Scraped caption text data:
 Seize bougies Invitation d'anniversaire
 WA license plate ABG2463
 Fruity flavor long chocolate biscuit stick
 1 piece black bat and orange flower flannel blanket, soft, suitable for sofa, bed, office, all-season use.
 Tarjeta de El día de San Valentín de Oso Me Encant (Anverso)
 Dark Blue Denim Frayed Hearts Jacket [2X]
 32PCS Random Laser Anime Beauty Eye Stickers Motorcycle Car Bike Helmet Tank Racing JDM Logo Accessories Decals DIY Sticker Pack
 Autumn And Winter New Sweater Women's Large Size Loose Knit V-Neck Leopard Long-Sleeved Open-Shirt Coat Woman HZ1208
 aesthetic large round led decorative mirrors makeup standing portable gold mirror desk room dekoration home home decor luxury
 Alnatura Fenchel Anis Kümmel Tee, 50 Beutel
...
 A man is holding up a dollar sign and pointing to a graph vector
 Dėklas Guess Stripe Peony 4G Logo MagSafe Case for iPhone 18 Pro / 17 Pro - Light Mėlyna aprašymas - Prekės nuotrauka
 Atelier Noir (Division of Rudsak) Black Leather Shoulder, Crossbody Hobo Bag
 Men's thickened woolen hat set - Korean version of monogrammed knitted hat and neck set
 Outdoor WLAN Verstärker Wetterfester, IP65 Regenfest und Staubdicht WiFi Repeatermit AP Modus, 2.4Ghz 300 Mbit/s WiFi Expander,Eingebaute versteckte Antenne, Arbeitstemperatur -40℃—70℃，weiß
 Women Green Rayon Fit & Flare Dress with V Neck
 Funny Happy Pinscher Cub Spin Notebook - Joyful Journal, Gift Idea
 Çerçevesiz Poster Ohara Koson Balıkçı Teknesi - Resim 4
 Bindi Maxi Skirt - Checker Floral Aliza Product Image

▸ **WHAT YOU WILL DO**
Beginning with the line that has "Seize bougies Invitation d'anniversaire" and ending with the line that has "32PCS Random Laser", set down the lines above exactly and include no others.

▸ **RESPONSE AREA**
 Seize bougies Invitation d'anniversaire
 WA license plate ABG2463
 Fruity flavor long chocolate biscuit stick
 1 piece black bat and orange flower flannel blanket, soft, suitable for sofa, bed, office, all-season use.
 Tarjeta de El día de San Valentín de Oso Me Encant (Anverso)
 Dark Blue Denim Frayed Hearts Jacket [2X]
 32PCS Random Laser Anime Beauty Eye Stickers Motorcycle Car Bike Helmet Tank Racing JDM Logo Accessories Decals DIY Sticker Pack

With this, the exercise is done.